I know what you're thinking! How can someone who loves baking cakes bear to part with sugar? It's a tricky change, that's for sure. I love sugar and often crave something sweet after dinner; however, I'm realising that, like many women my age, sugar is not a good companion to my changing body. In fact, I'm not sure it ever was a good companion!
This issue has been on my mind a lot lately. I still want to continue baking and offering sweet treats for people but I have realised that I need to think outside the box. There are a lot of potential customers out there who, like me, want to have a treat but for a variety of reasons need to reduce their sugar-intake. So, I have decided to conduct some research into sugar-free baking.
I baked some brownies for my brother today and, with my new awareness, was taken aback by the amount of sugar in the recipe. Delicious as they taste, one piece of brownie will take an adult over the recommended daily amount of sugar (30g for an adult). Therefore, it is clear that a sugar alternative is going to be a shock to the palate, especially for someone addicted to refined sugar. I've only had one week so far without sugar in my diet (apart from low sugar fruit) and already, I can sense my palate adjusting. I didn't taste the brownies and knew that I would have found them too sweet. I am hoping that after a month without sugar, I will losing my sweet-tooth craving. I'm also hoping that if customers are on a sugar-detox, they will appreciate my sugar-free alternatives in the scone van.

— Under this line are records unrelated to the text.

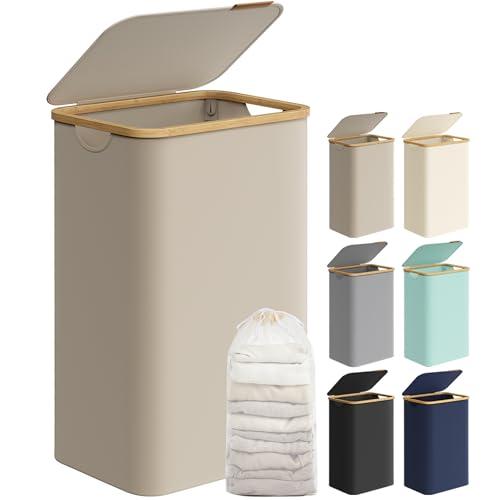 SONGMICS Cesto Portabiancheria con Coperchio, Cesta per Bucato, 90L, Salvaspazio, Sacco Rimovibile, Tessuto Oxford, Manici di Bambù, Pieghevole, 42 x 32 x 70,5 cm, Marrone Cammello LCB509N01V1
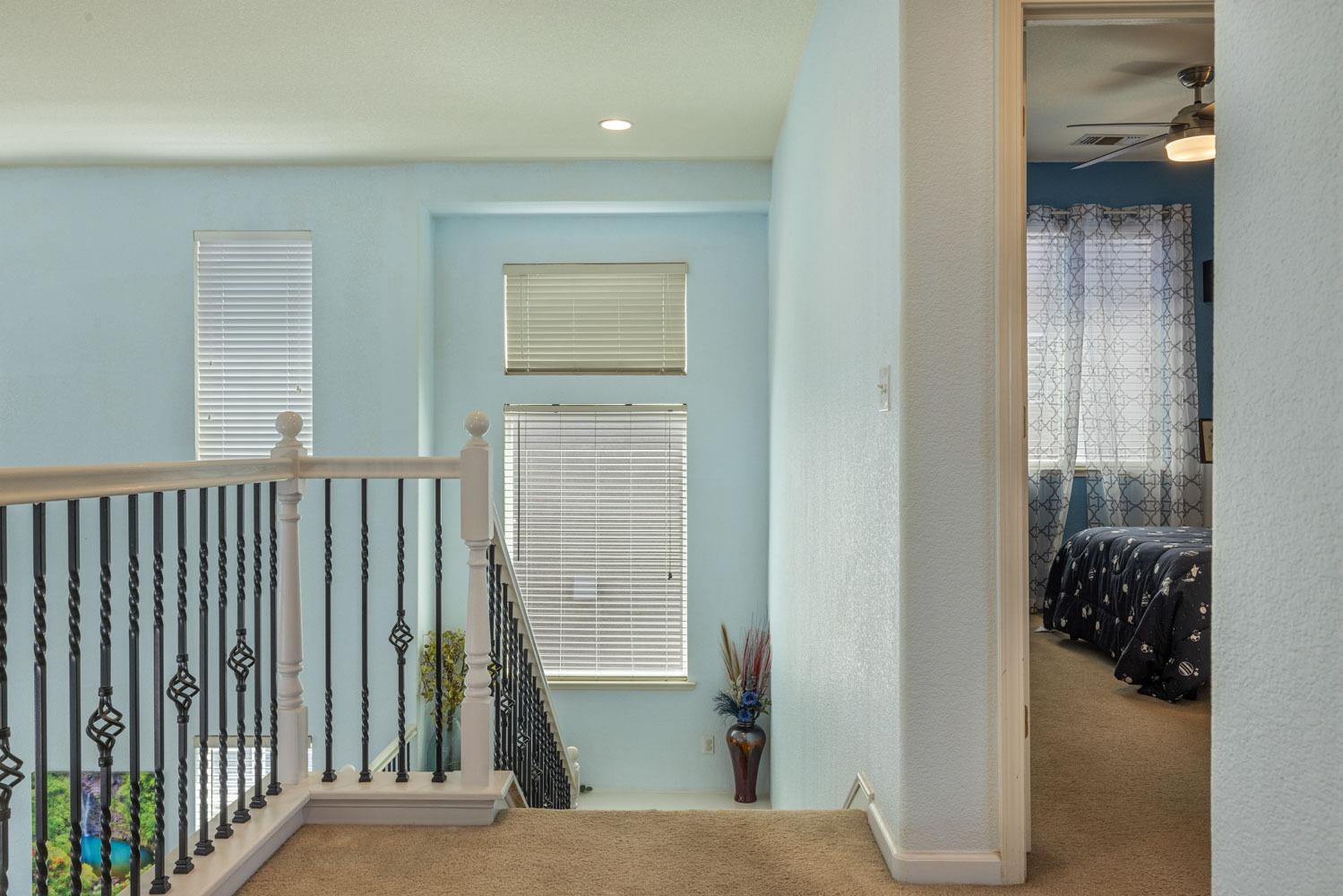 Alton Court, Riverbank, California image 30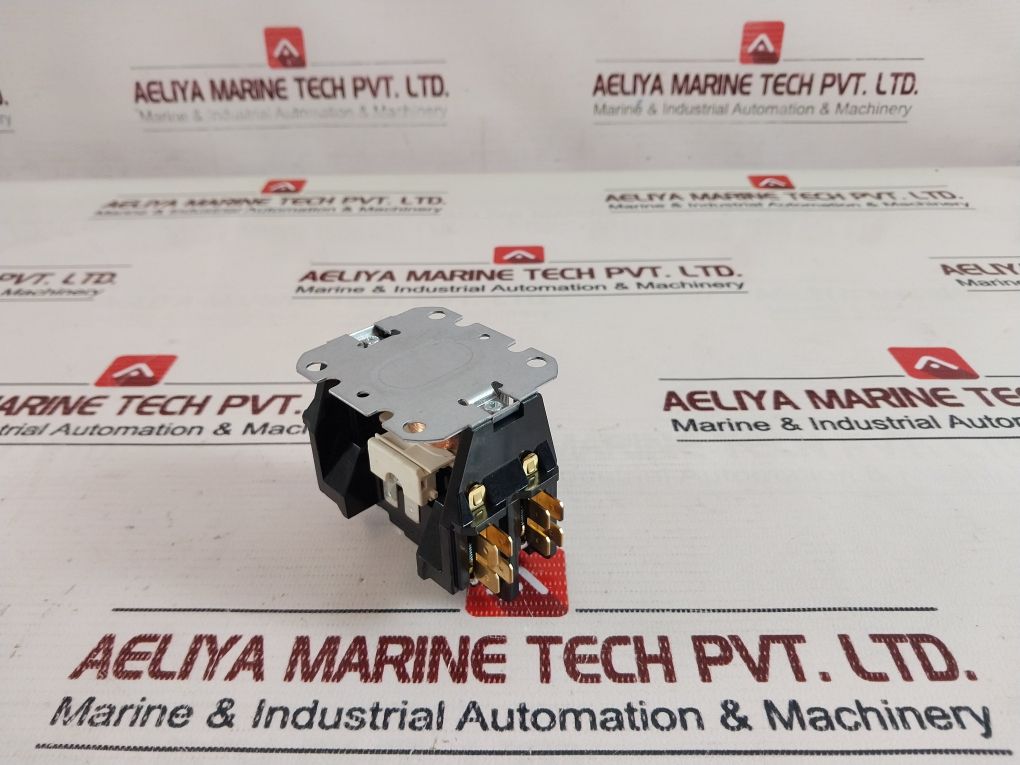 Manitowoc 20-0908-9 Contactor 1 Pole W/Shunt 556.11.00.080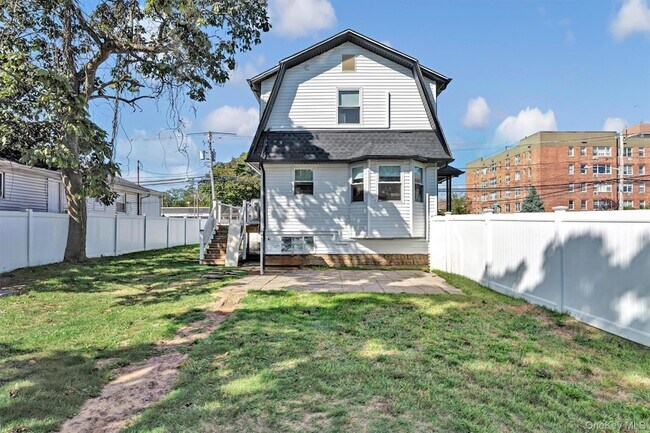 Building Photo - 159 Southside Ave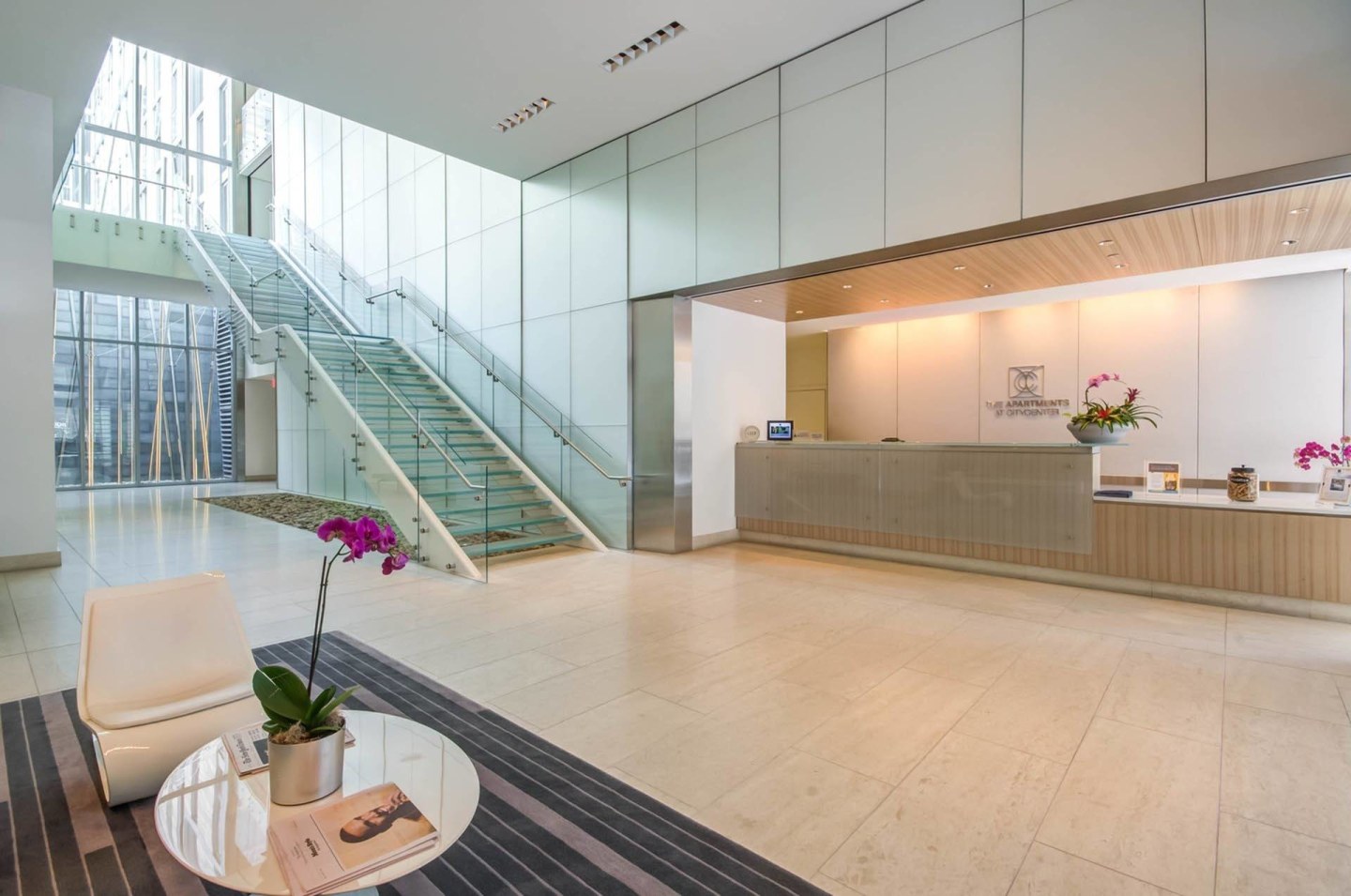 The Apartments at CityCenter Image 19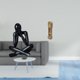 thumbnail image 2 of Escultura abstracta moderna, reloj de pie, estatua en miniatura coleccionable para sala de estar, estantería, decoración del hogar, adorno clásico vin, 2 of 8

On the internet there are a lot of sites offering sugar-free baking recipes but, unfortunately, they replace refined sugar with sugar alternatives. I'm not convinced that the sugar alternatives are firstly, environmentally friendly and secondly, a healthier option. https://www.bbcgoodfood.com/howto/guide/sugar-free-baking provides some interesting information about using sugar in baking. Following this, I have decided to experiment with recipes that use vegetables and fruit as sugar alternatives. I'll keep you updated on my experiments.
To summarise, I will still be baking the usual cakes with sugar but am aiming to include a sugar-free alternative so that no one has to miss out on a treat from the blue scone van.